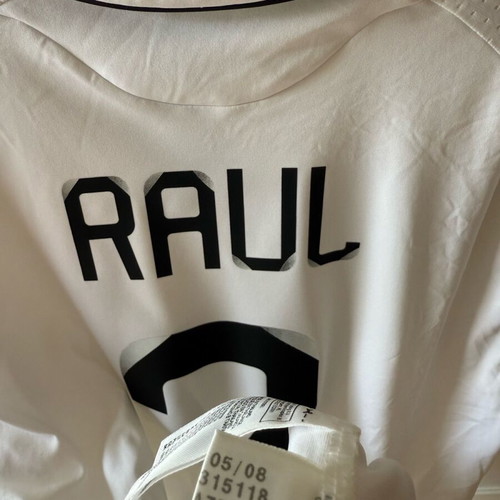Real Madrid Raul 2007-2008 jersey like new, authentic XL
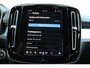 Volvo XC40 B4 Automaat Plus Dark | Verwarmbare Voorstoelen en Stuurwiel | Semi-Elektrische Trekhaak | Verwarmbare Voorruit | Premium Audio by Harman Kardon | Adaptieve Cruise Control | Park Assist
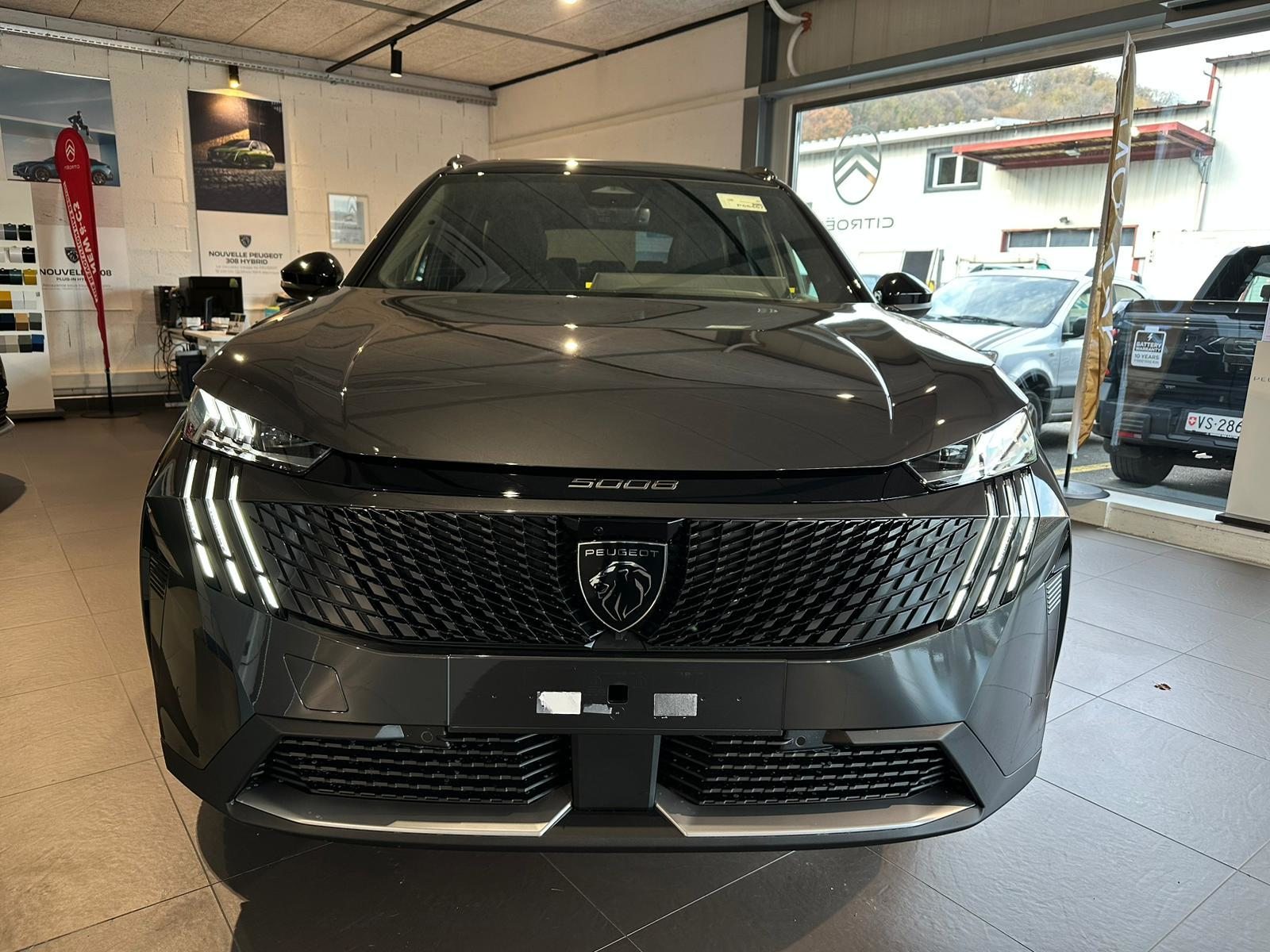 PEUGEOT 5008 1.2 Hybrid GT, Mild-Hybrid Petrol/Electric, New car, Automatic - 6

= = = = = = =

Exercise instructions => Give the listing again exactly, excluding pictures.

Exercise answer =>
Real Madrid Raul 2007-2008 jersey like new, authentic XL
 Volvo XC40 B4 Automaat Plus Dark | Verwarmbare Voorstoelen en Stuurwiel | Semi-Elektrische Trekhaak | Verwarmbare Voorruit | Premium Audio by Harman Kardon | Adaptieve Cruise Control | Park Assist
 PEUGEOT 5008 1.2 Hybrid GT, Mild-Hybrid Petrol/Electric, New car, Automatic - 6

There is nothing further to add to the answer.